### Directions for this task
Your answer should hold exactly the lines below from the line with "Man enjoying carousel in amusement park" through the line with "Ist das ein", both included, and no pictures at all.

### Data provided
———

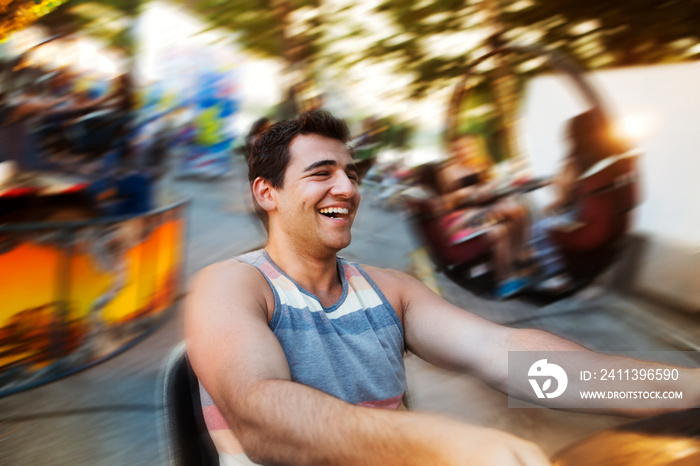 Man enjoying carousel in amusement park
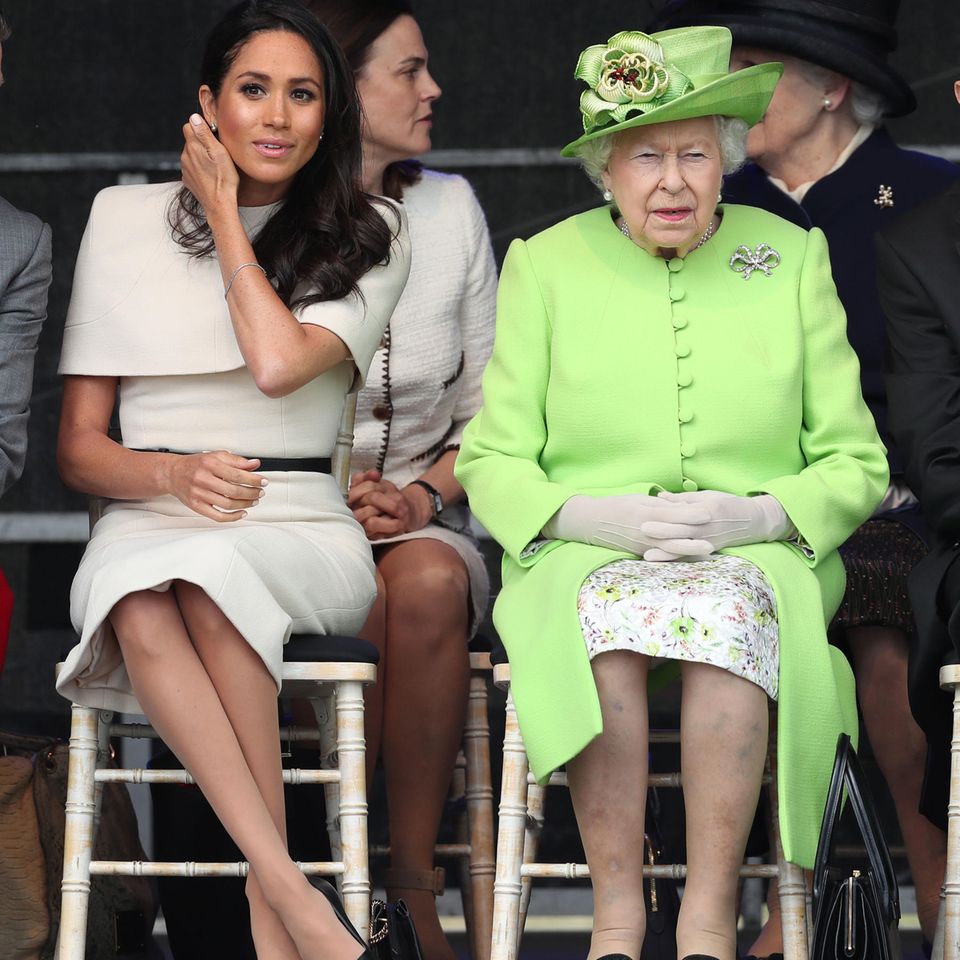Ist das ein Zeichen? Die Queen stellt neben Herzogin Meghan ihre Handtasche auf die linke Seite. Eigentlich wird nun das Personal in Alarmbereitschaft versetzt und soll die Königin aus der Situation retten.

———

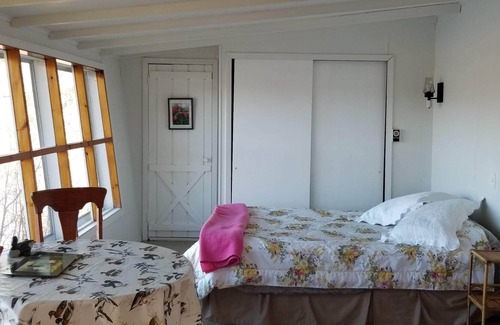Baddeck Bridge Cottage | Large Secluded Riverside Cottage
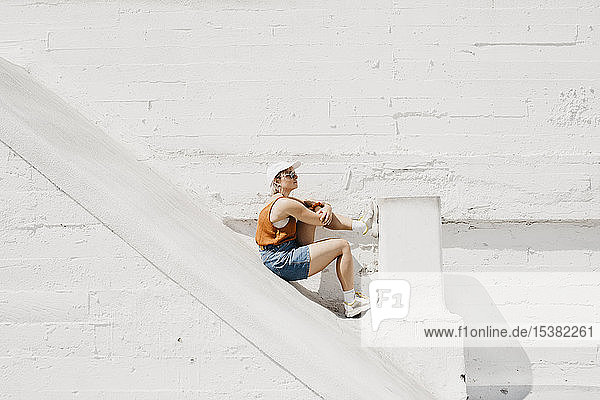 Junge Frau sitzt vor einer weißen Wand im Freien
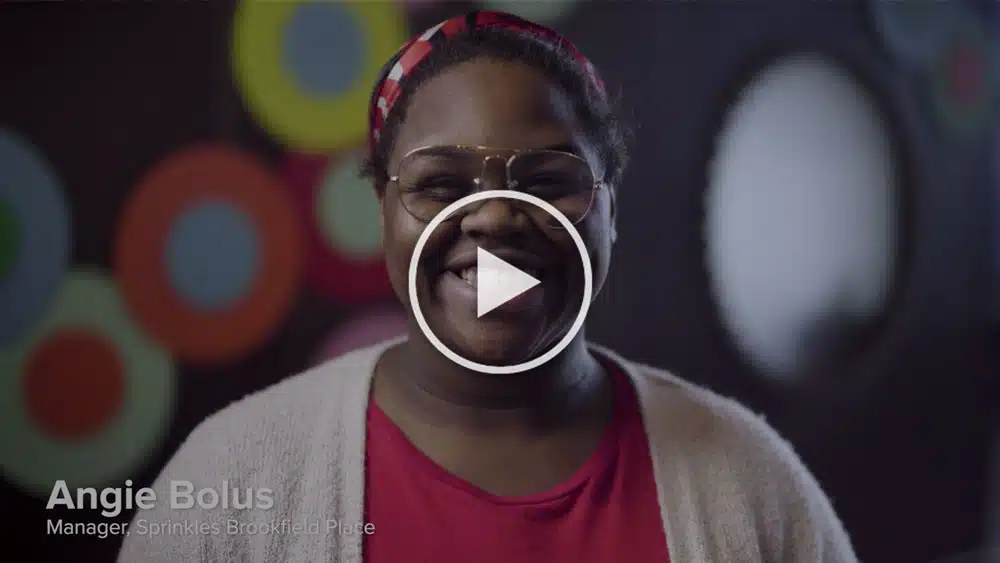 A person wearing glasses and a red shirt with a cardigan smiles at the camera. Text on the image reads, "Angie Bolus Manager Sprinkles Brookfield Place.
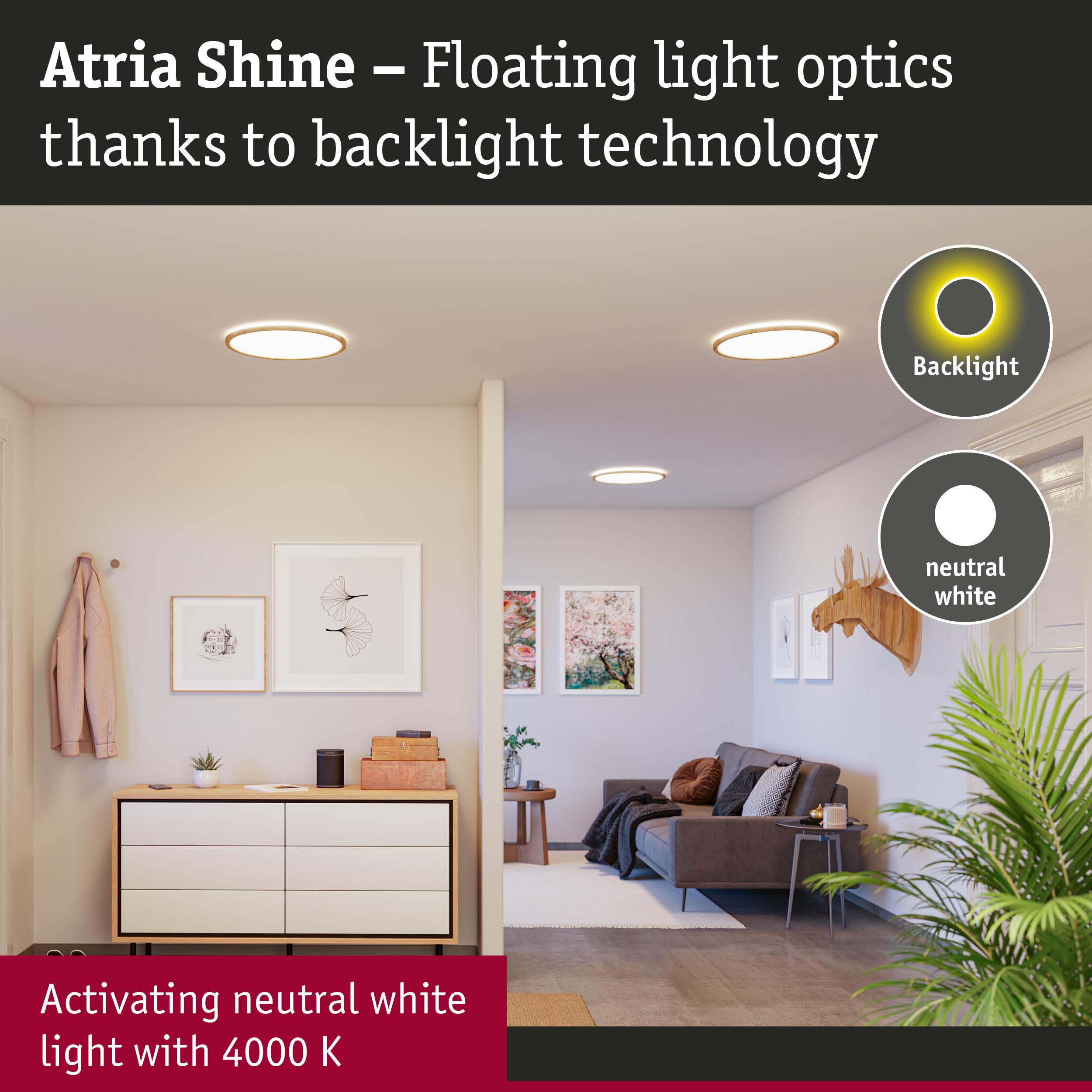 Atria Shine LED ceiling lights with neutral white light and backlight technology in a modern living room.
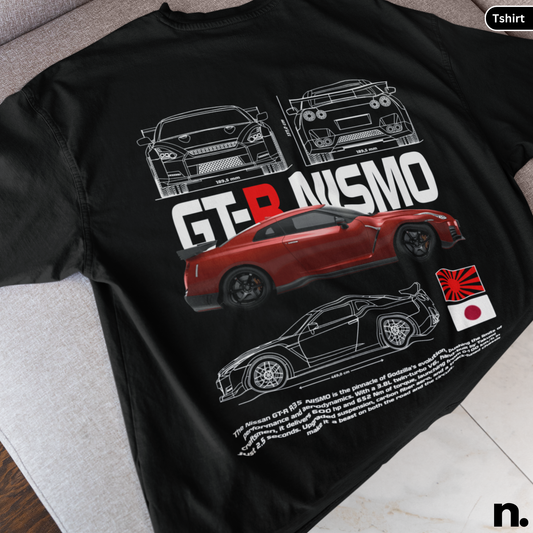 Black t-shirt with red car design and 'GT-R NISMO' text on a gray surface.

———

### Task result
 Man enjoying carousel in amusement park
Ist das ein Zeichen? Die Queen stellt neben Herzogin Meghan ihre Handtasche auf die linke Seite. Eigentlich wird nun das Personal in Alarmbereitschaft versetzt und soll die Königin aus der Situation retten.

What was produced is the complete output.